* [What you are asked to do]
Lines from the one containing "Building Photo - 8007 Prince Georges Dr" through the last line of the records below need to be repeated exactly; nothing else, and no pictures.

* [Study material]
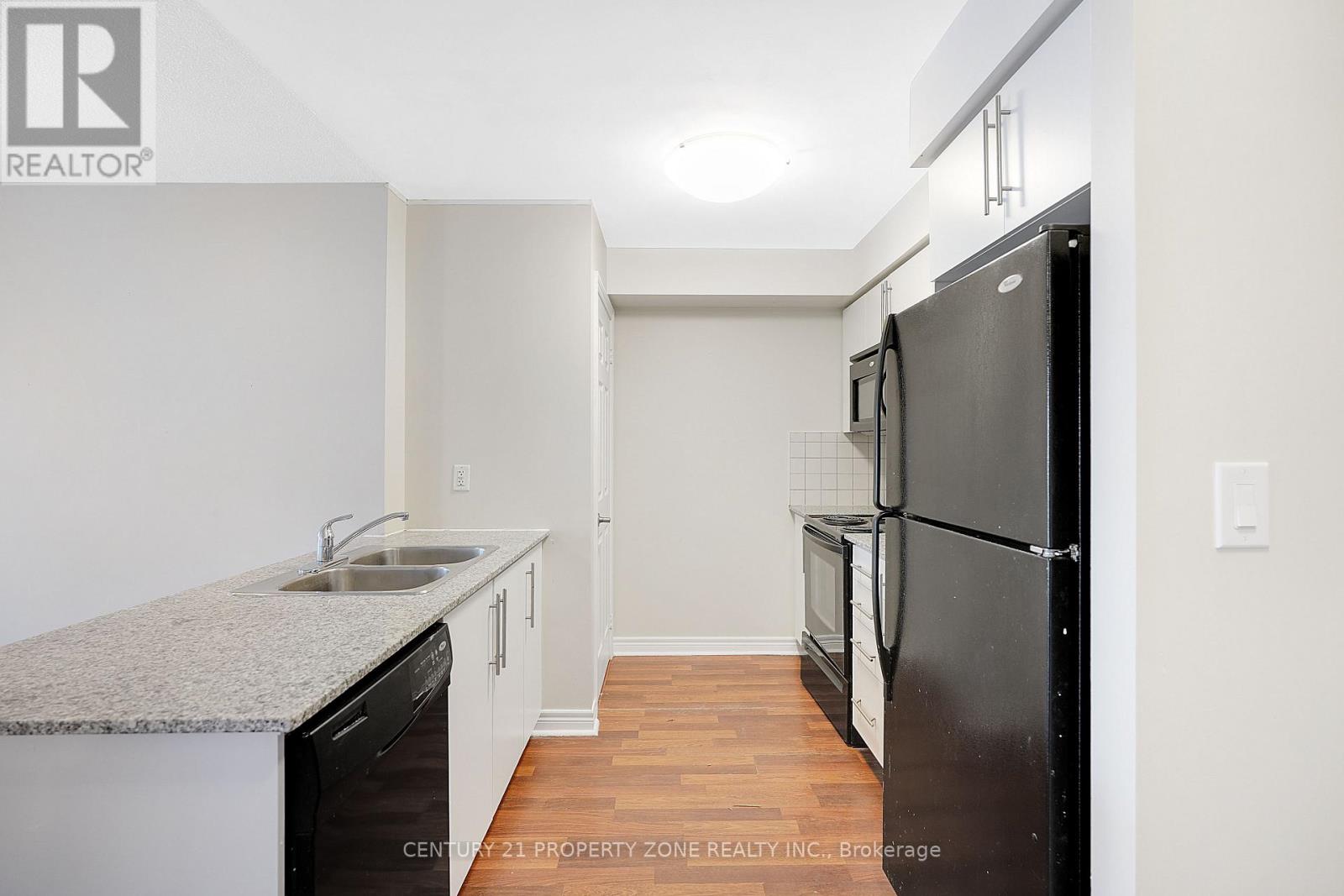 1703 - 310 Burnhamthorpe Road W, Mississauga, Ontario  L5B 4P9 - Photo 12 - W12840704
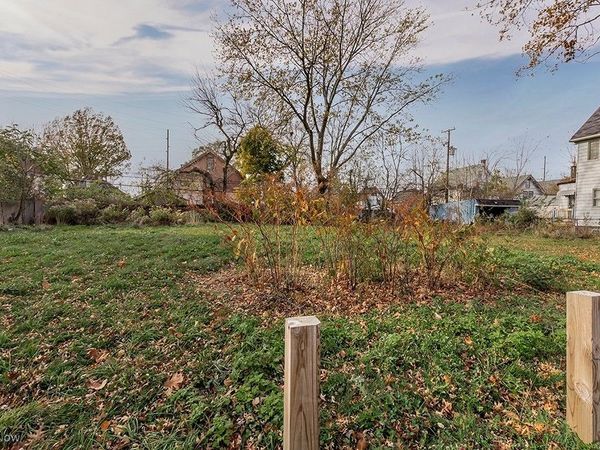 1274 E 134th Street, East Cleveland, OH 44112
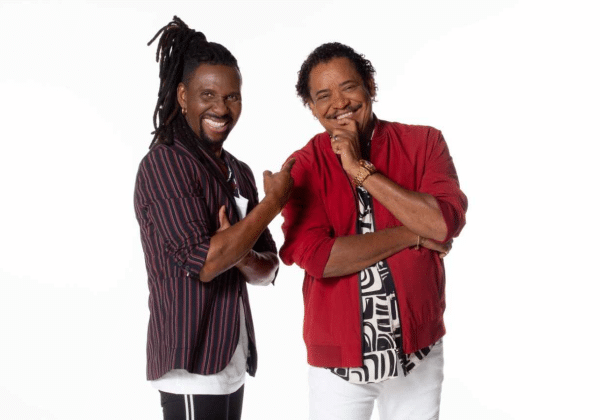 É O Tchan se apresenta em festa popular no interior da Bahia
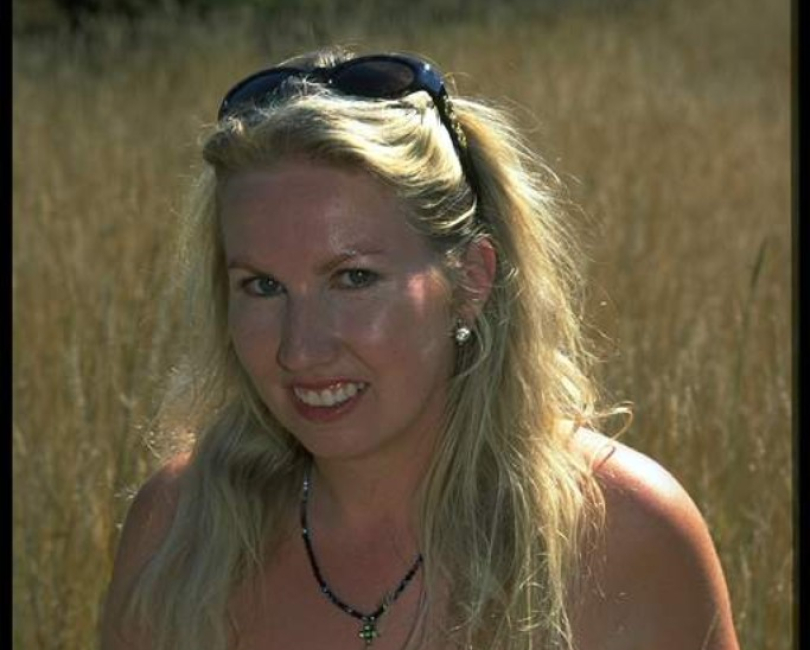 Dicke Frau am Strand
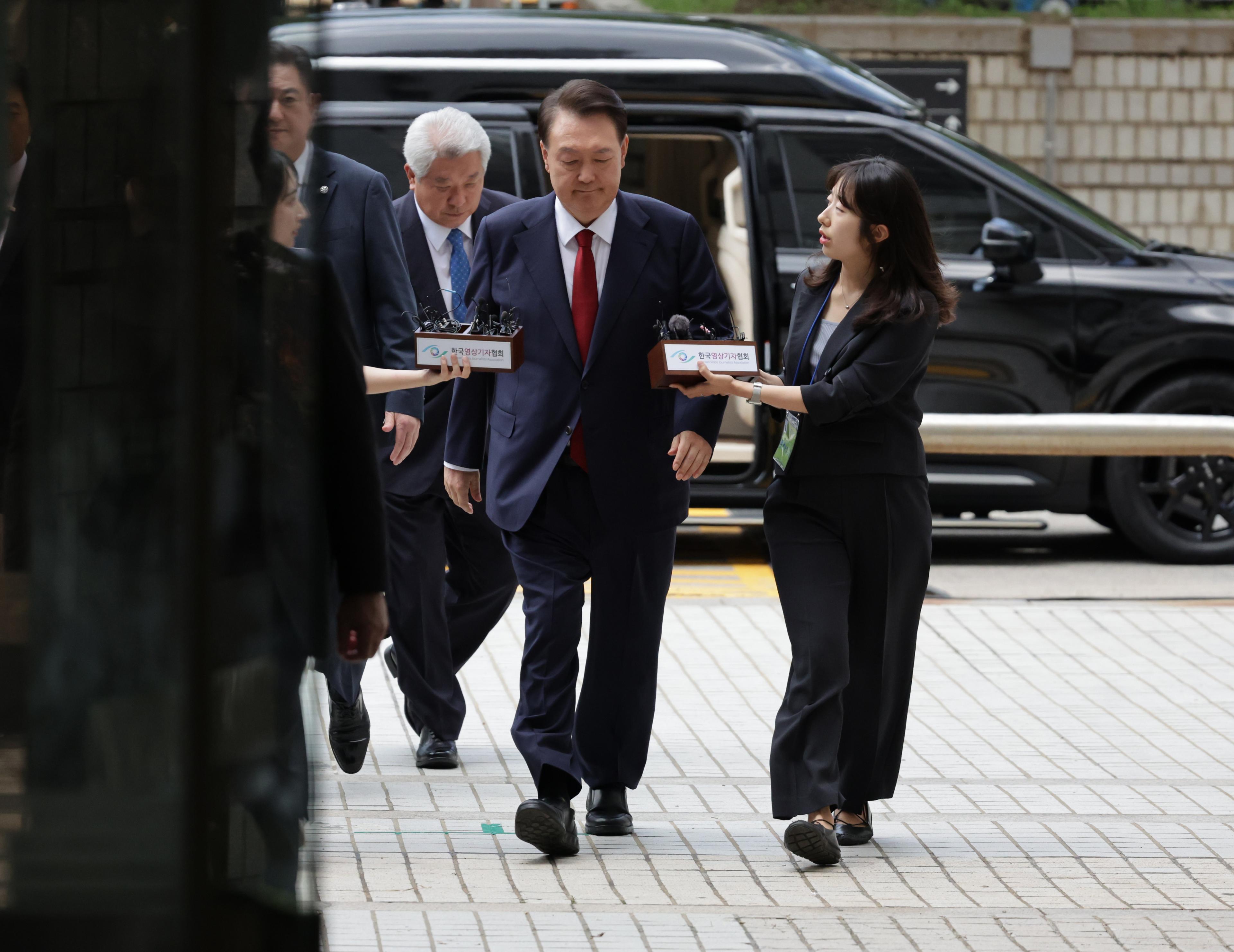 South Korea: Ex-President Yoon attends court hearing on his potential arrest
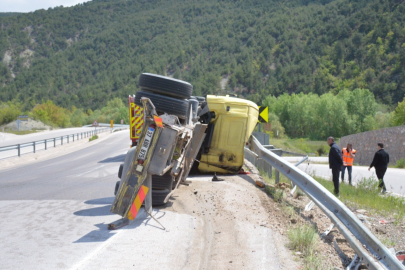 Amasya'da devrilen tırın sürücüsü hayatını kaybetti
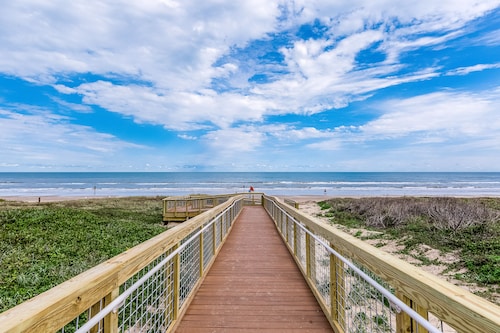 Beautiful home with oceanview, pool, hot tub, central AC, & washer/dryer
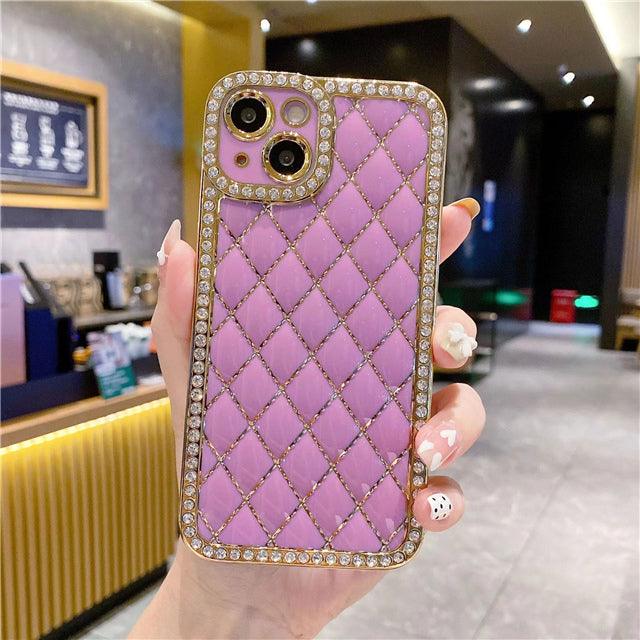 Coque iPhone 12 Pro rose matelassée avec cadre doré incrusté de strass brillants. - Wiqeo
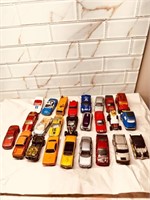 Vintage Toy Cars Matchbox, hot wheels , etc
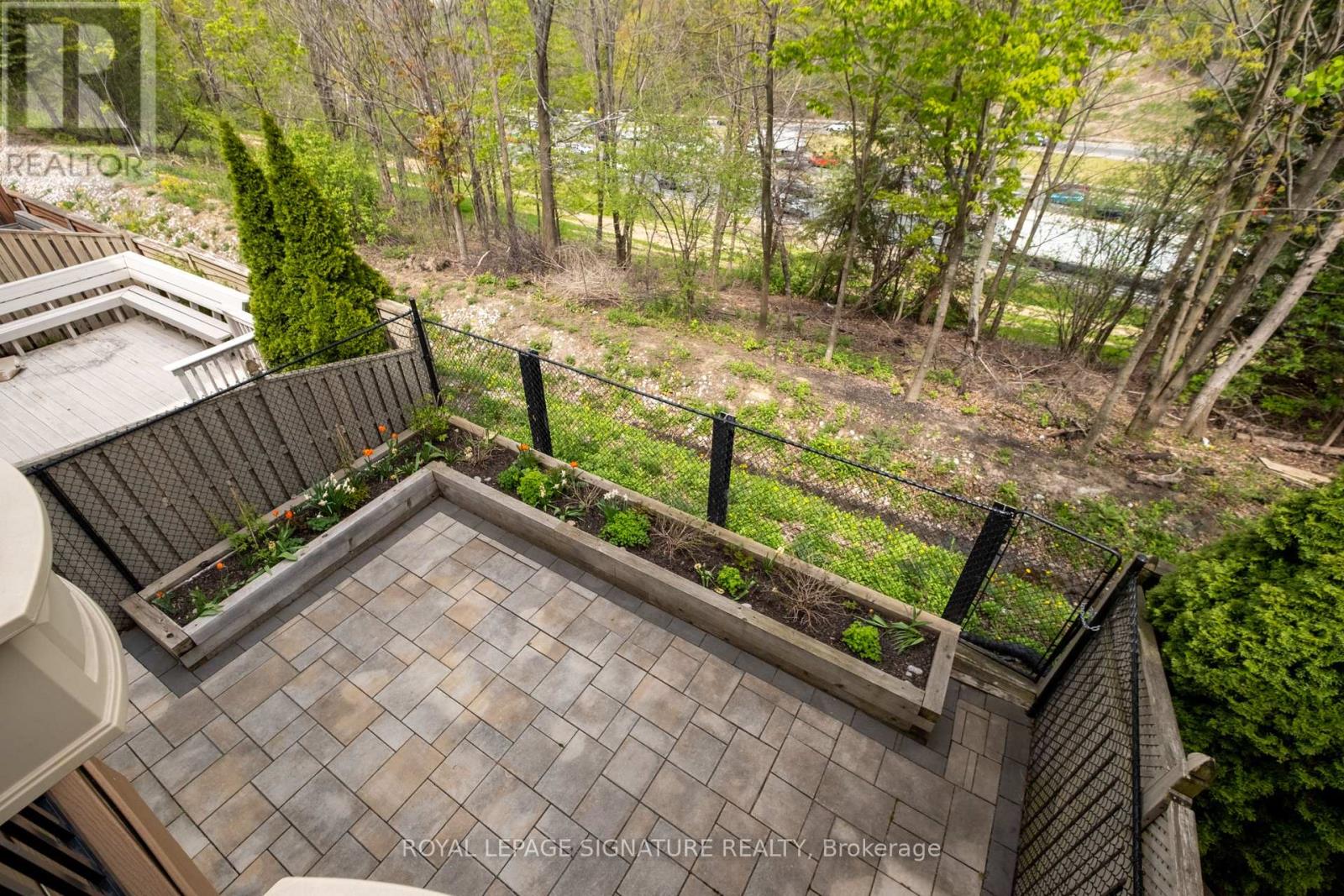98 Dallimore Circle, Toronto, Ontario  M3C 4C5 - Photo 33 - C13145064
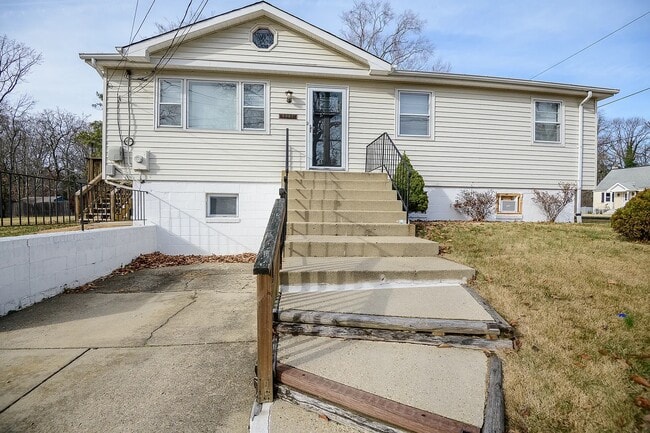 Building Photo - 8007 Prince Georges Dr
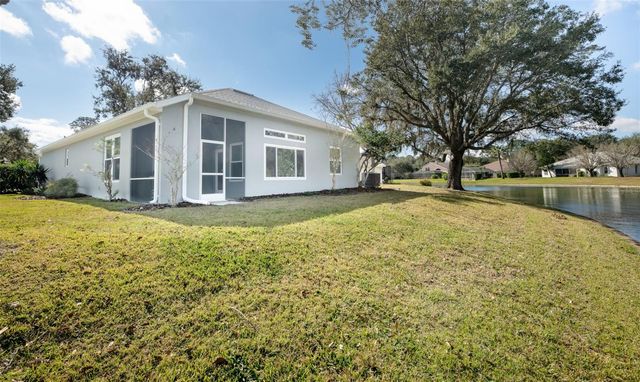 10 GLENEAGLES PLACE, Palm Coast, FL 32137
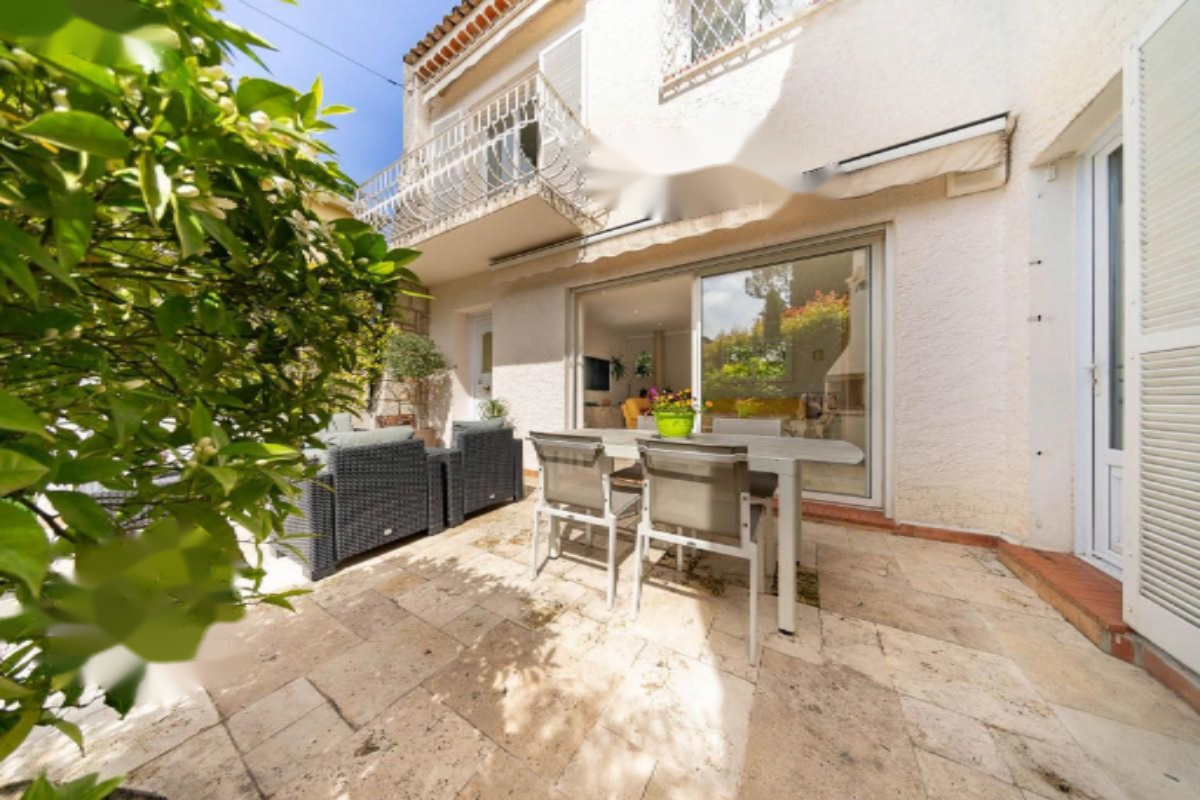 Квартира в Каннах, Франция, 122 м² - фото 2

* [Answer for this exercise]
 Building Photo - 8007 Prince Georges Dr
 10 GLENEAGLES PLACE, Palm Coast, FL 32137
 Квартира в Каннах, Франция, 122 м² - фото 2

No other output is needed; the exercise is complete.